University of Southern California
Los Angeles, California
2010 Investigator-Initiated Research Grant
After menopause, a woman's risk of Alzheimer's disease increases. The explanation for this increase in risk is not well understood, but various lines of research suggest that it may be related to declines in estrogen levels or increases in the risk of type 2 diabetes, both of which occur after menopause.
Liqin Zhao, Ph.D. and colleagues have found that a protein known as insulin-degrading enzyme (IDE) may serve as a link between menopause, and the increased risk for Alzheimer's disease. They have found that IDE degrades beta-amyloid, a protein fragment strongly implicated in Alzheimer pathology. Furthermore, the researchers have found that decreased levels of estradiol, such as occurs during menopause, reduce the expression of IDE, potentially reducing the ability of the brain to dispose of beta-amyloid.

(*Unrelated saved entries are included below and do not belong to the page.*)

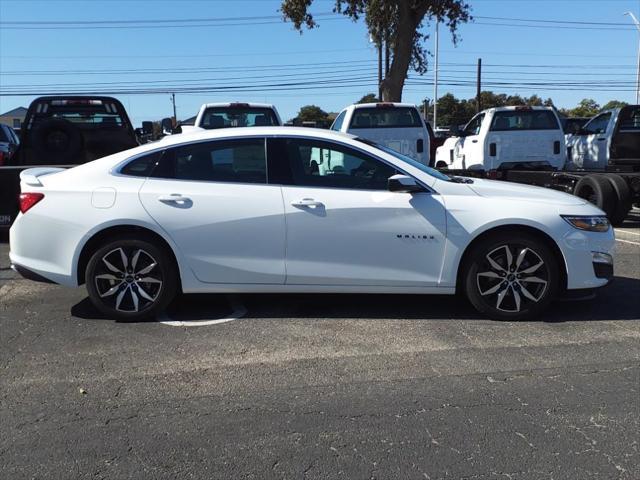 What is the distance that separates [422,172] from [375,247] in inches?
31.4

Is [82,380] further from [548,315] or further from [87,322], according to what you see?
[548,315]

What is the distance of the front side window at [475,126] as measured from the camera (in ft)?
42.4

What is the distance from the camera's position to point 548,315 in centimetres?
543

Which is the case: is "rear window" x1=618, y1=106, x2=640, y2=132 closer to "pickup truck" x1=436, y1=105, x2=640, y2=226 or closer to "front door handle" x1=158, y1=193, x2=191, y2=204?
"pickup truck" x1=436, y1=105, x2=640, y2=226

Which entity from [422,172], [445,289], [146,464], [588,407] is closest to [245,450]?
[146,464]

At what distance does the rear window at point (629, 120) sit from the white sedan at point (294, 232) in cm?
747

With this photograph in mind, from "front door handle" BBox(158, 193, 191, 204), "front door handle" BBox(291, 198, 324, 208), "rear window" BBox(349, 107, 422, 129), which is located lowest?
"front door handle" BBox(291, 198, 324, 208)

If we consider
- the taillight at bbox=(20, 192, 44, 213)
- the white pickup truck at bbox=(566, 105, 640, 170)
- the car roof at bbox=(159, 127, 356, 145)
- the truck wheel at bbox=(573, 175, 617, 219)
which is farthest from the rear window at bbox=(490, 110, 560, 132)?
the taillight at bbox=(20, 192, 44, 213)

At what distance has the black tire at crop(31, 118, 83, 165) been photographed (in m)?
8.95

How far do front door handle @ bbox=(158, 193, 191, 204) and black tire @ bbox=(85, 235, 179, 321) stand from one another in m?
0.38

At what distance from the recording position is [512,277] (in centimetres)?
516

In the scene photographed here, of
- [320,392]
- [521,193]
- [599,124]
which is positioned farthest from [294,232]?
[599,124]

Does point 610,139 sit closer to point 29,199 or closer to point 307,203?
point 307,203

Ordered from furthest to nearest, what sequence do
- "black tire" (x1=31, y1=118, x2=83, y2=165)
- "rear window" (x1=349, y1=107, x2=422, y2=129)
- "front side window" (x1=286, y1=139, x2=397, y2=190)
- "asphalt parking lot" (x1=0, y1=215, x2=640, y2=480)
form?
"rear window" (x1=349, y1=107, x2=422, y2=129) < "black tire" (x1=31, y1=118, x2=83, y2=165) < "front side window" (x1=286, y1=139, x2=397, y2=190) < "asphalt parking lot" (x1=0, y1=215, x2=640, y2=480) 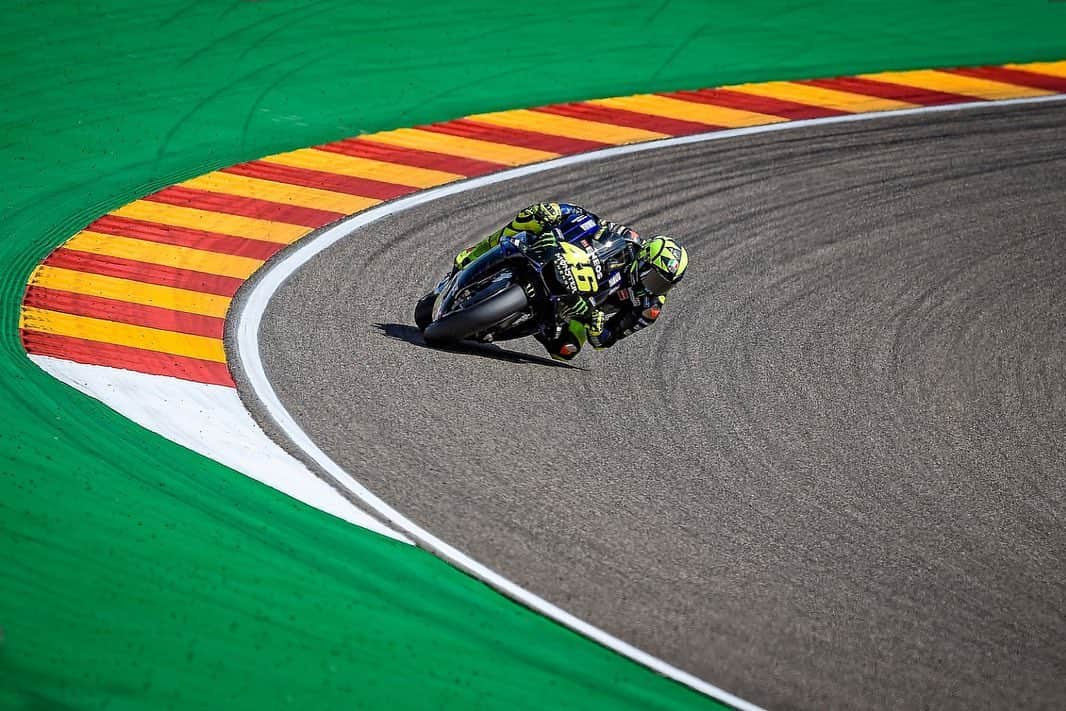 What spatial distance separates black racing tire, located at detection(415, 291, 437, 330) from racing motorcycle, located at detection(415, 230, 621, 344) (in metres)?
0.10

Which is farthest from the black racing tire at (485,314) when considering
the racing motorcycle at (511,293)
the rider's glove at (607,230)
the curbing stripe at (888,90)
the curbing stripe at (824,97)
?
the curbing stripe at (888,90)

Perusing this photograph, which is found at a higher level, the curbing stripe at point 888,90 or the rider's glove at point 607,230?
the rider's glove at point 607,230

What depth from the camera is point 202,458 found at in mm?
9820

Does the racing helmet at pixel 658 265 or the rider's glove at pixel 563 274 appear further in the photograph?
the racing helmet at pixel 658 265

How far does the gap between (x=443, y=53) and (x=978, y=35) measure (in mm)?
9734

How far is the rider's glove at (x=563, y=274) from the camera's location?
1151cm

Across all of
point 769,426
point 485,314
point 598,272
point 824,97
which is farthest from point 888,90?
point 485,314

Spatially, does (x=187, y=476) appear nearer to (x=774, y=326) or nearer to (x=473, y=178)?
(x=774, y=326)

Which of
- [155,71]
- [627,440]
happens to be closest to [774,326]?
[627,440]

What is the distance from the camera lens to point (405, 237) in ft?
48.2

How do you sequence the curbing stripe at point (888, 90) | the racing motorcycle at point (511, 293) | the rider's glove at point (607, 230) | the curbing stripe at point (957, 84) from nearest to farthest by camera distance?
the racing motorcycle at point (511, 293), the rider's glove at point (607, 230), the curbing stripe at point (888, 90), the curbing stripe at point (957, 84)

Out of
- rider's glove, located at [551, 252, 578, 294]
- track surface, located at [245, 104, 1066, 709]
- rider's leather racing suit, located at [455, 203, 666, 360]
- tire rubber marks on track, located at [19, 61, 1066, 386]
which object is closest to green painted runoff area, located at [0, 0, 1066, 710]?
tire rubber marks on track, located at [19, 61, 1066, 386]

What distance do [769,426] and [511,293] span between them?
8.58ft

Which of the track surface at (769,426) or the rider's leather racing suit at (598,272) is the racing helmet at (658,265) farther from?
the track surface at (769,426) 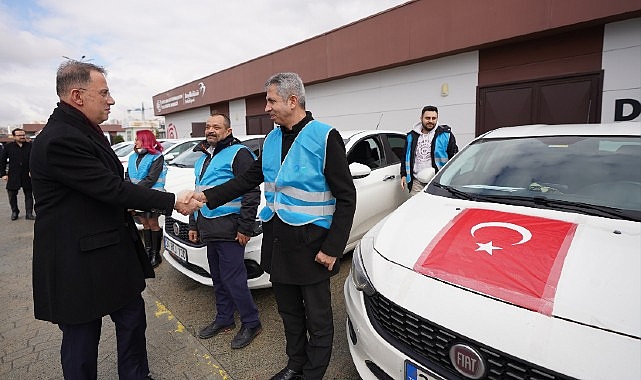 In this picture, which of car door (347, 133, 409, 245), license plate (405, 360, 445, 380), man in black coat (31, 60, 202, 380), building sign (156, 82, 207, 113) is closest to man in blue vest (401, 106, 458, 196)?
car door (347, 133, 409, 245)

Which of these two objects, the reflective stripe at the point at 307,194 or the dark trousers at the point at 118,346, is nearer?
the dark trousers at the point at 118,346

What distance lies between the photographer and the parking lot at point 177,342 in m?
2.35

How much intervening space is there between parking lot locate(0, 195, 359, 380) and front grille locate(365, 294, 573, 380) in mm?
803

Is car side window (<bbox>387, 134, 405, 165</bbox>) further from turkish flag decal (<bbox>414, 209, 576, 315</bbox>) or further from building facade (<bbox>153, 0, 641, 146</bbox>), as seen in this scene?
building facade (<bbox>153, 0, 641, 146</bbox>)

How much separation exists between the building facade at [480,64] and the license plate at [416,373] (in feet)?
20.5

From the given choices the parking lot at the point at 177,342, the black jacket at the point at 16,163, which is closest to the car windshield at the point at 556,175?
the parking lot at the point at 177,342

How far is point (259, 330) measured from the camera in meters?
2.72

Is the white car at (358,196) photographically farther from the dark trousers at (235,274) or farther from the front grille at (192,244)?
the dark trousers at (235,274)

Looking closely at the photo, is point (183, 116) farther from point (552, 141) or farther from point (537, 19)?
point (552, 141)

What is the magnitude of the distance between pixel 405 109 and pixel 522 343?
769cm

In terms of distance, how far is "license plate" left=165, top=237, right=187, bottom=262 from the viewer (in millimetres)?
3126

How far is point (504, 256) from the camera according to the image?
5.09ft

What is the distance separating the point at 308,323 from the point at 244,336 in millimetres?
831

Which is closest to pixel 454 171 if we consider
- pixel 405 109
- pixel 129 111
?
pixel 405 109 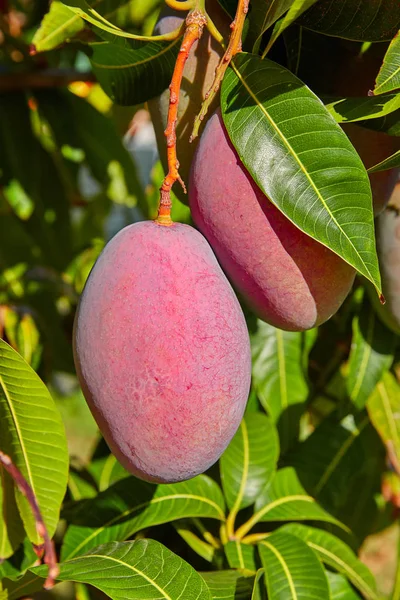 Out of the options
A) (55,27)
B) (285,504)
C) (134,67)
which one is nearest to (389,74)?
(134,67)

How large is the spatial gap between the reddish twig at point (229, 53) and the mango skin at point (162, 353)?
0.38 ft

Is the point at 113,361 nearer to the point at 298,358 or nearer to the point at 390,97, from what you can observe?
the point at 390,97

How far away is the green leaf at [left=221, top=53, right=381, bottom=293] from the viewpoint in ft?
2.21

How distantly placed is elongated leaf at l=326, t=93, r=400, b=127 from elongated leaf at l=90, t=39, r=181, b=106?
0.65ft

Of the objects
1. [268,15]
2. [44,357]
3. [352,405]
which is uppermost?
[268,15]

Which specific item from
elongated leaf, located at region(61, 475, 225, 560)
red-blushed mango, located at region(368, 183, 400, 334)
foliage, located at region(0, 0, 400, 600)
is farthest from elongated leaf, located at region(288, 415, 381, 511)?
red-blushed mango, located at region(368, 183, 400, 334)

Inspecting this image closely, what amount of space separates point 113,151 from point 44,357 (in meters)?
0.55

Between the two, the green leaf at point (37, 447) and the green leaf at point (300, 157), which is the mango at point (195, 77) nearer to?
the green leaf at point (300, 157)

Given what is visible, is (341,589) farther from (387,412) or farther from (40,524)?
(40,524)

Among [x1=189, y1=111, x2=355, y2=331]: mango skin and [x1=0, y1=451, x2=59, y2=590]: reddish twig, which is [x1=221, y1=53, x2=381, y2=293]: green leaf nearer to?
[x1=189, y1=111, x2=355, y2=331]: mango skin

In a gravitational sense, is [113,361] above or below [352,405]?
above

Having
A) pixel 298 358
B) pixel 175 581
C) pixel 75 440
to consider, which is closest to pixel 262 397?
pixel 298 358

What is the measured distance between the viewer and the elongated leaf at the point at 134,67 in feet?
2.75

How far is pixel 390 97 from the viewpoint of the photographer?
0.73 meters
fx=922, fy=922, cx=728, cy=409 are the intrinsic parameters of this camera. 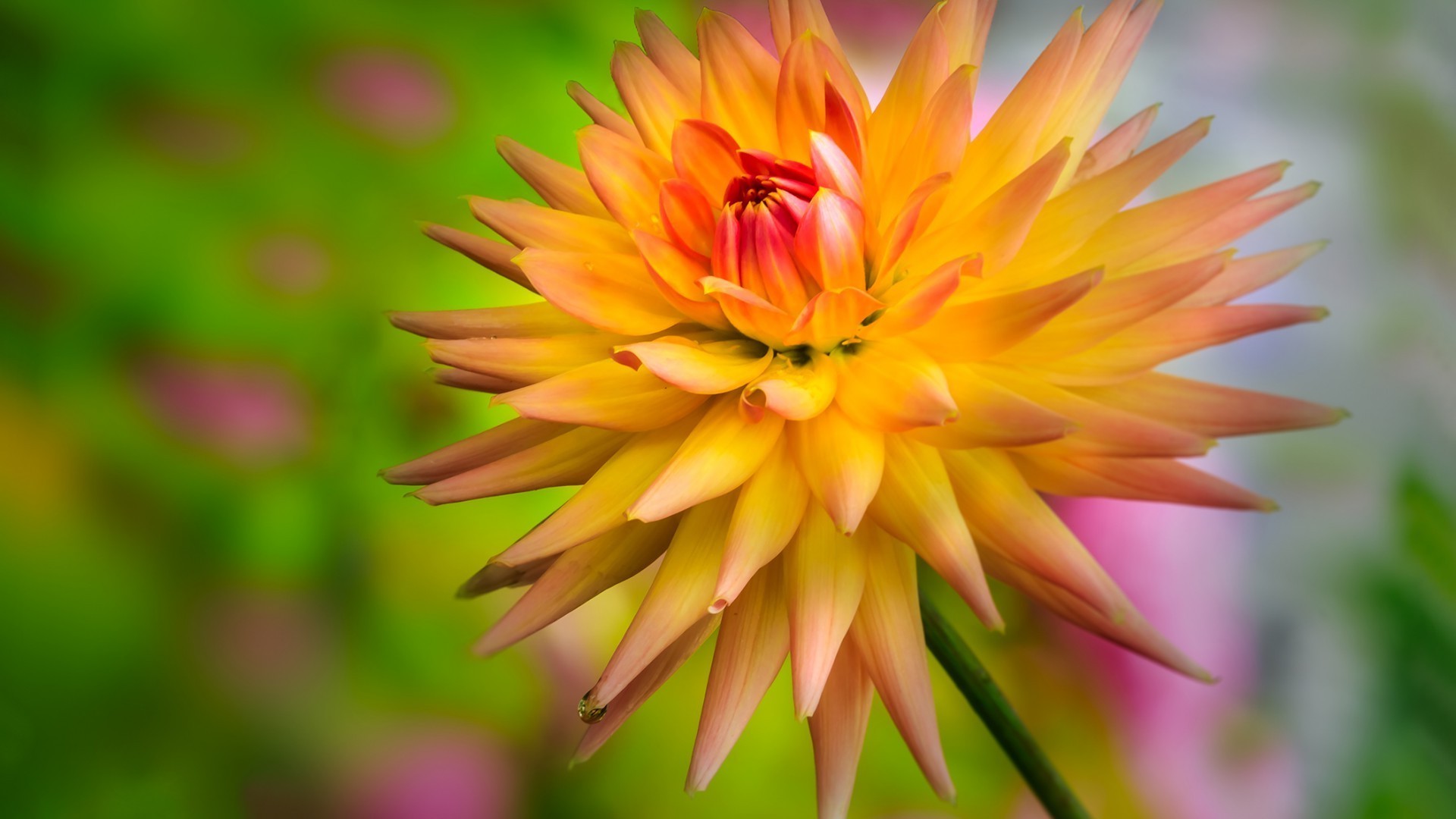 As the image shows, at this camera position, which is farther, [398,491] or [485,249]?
[398,491]

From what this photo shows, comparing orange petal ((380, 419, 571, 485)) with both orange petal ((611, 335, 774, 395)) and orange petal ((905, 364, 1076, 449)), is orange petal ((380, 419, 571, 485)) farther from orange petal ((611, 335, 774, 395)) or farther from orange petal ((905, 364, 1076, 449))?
orange petal ((905, 364, 1076, 449))

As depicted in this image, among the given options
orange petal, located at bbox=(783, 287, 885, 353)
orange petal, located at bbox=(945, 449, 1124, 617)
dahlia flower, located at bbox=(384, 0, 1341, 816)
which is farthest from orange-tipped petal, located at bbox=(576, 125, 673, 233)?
orange petal, located at bbox=(945, 449, 1124, 617)

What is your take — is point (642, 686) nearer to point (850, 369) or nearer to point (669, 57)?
point (850, 369)

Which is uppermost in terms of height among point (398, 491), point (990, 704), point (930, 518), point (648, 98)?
point (648, 98)

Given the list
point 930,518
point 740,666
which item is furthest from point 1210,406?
point 740,666

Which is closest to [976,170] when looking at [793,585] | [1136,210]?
[1136,210]

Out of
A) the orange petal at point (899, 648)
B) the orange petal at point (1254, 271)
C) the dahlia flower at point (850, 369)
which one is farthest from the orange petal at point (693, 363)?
the orange petal at point (1254, 271) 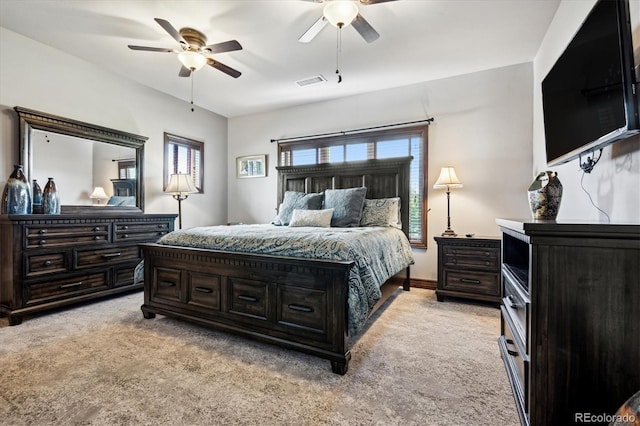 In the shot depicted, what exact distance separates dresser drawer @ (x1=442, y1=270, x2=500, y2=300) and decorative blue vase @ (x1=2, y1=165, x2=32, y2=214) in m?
4.37

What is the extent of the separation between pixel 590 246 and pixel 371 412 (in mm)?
1214

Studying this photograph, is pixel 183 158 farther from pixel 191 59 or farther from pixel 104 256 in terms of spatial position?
pixel 191 59

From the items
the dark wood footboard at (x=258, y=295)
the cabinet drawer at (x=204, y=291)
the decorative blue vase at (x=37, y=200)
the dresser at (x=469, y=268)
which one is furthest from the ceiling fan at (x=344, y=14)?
the decorative blue vase at (x=37, y=200)

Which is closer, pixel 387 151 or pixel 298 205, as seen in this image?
pixel 298 205

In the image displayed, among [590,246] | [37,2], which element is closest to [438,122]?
[590,246]

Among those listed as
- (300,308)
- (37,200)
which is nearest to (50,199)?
(37,200)

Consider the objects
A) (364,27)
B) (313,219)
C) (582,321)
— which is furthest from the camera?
(313,219)

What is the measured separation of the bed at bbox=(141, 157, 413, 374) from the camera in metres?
1.87

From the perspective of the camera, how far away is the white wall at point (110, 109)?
2869 mm

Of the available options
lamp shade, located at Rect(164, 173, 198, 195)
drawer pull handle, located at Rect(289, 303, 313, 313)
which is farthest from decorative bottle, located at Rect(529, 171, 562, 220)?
lamp shade, located at Rect(164, 173, 198, 195)

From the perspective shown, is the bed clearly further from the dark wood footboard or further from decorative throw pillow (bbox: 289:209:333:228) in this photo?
decorative throw pillow (bbox: 289:209:333:228)

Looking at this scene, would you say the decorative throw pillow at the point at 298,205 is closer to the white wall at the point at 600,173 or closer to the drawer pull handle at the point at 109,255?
the drawer pull handle at the point at 109,255

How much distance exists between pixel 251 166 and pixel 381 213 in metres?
2.74

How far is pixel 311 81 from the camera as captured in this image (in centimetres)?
387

Dr. Zhao and colleagues have proposed to study how estrogen regulates levels of IDE in the brain, and how such regulation influences the risk of Alzheimer pathology. The researchers will use mice that have been genetically altered to express different estrogen receptors in order to examine which estrogen receptor controls expression of IDE. They will also test how another gene that affects the risk for Alzheimer's disease, known as ApoE, influences the regulation of IDE levels by estrogen. Finally, using mice genetically altered to express Alzheimer-like pathology, Dr. Zhao's team will test whether treatment of the mice with estrogen increases IDE levels, and whether that effect slows or prevents the development of Alzheimer-like pathology. These studies will advance our understanding of the potential role of estrogen in protecting the brain from disease.